▶ MATERIAL FOR THIS TASK:
******************************
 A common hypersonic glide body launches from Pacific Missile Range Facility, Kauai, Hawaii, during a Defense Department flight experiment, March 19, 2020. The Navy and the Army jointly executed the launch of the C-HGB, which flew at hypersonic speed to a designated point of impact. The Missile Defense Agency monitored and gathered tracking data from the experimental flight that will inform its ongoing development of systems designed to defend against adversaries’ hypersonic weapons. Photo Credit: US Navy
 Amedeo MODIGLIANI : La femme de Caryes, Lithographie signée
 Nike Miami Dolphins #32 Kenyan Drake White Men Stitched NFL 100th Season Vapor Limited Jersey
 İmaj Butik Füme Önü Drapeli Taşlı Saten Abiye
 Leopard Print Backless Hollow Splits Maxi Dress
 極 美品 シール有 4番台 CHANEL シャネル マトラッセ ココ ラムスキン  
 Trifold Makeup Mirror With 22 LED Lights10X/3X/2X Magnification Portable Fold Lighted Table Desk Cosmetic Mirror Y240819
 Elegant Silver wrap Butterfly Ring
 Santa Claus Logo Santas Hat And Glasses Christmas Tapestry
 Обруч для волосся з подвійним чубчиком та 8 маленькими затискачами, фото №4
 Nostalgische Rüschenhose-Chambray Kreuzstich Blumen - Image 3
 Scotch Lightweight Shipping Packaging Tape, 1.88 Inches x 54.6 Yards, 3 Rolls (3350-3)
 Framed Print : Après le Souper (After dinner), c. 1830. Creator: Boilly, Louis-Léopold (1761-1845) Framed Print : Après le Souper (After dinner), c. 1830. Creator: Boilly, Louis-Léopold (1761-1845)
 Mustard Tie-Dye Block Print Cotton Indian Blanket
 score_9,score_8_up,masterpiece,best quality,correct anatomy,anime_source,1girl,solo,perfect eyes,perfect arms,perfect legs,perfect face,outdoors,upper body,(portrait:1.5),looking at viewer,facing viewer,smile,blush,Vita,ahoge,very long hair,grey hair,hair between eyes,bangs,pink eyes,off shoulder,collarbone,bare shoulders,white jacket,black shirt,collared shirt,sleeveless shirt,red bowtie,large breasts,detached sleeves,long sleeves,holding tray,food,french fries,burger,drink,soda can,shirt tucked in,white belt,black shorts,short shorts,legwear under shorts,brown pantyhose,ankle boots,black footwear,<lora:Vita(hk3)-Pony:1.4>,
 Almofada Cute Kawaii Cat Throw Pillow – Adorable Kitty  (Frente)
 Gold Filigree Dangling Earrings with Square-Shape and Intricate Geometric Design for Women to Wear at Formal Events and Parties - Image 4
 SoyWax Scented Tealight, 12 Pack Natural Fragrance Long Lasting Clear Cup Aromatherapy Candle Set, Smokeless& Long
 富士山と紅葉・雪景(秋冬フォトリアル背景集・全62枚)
******************************
▶ WHAT YOU ARE ASKED TO DO:
Reproduce the listing word for word from its first line up to and including the line with "Mustard Tie-Dye Block". Give no other lines.

▶ FINISHED EXERCISE:
 A common hypersonic glide body launches from Pacific Missile Range Facility, Kauai, Hawaii, during a Defense Department flight experiment, March 19, 2020. The Navy and the Army jointly executed the launch of the C-HGB, which flew at hypersonic speed to a designated point of impact. The Missile Defense Agency monitored and gathered tracking data from the experimental flight that will inform its ongoing development of systems designed to defend against adversaries’ hypersonic weapons. Photo Credit: US Navy
 Amedeo MODIGLIANI : La femme de Caryes, Lithographie signée
 Nike Miami Dolphins #32 Kenyan Drake White Men Stitched NFL 100th Season Vapor Limited Jersey
 İmaj Butik Füme Önü Drapeli Taşlı Saten Abiye
 Leopard Print Backless Hollow Splits Maxi Dress
 極 美品 シール有 4番台 CHANEL シャネル マトラッセ ココ ラムスキン  
 Trifold Makeup Mirror With 22 LED Lights10X/3X/2X Magnification Portable Fold Lighted Table Desk Cosmetic Mirror Y240819
 Elegant Silver wrap Butterfly Ring
 Santa Claus Logo Santas Hat And Glasses Christmas Tapestry
 Обруч для волосся з подвійним чубчиком та 8 маленькими затискачами, фото №4
 Nostalgische Rüschenhose-Chambray Kreuzstich Blumen - Image 3
 Scotch Lightweight Shipping Packaging Tape, 1.88 Inches x 54.6 Yards, 3 Rolls (3350-3)
 Framed Print : Après le Souper (After dinner), c. 1830. Creator: Boilly, Louis-Léopold (1761-1845) Framed Print : Après le Souper (After dinner), c. 1830. Creator: Boilly, Louis-Léopold (1761-1845)
 Mustard Tie-Dye Block Print Cotton Indian Blanket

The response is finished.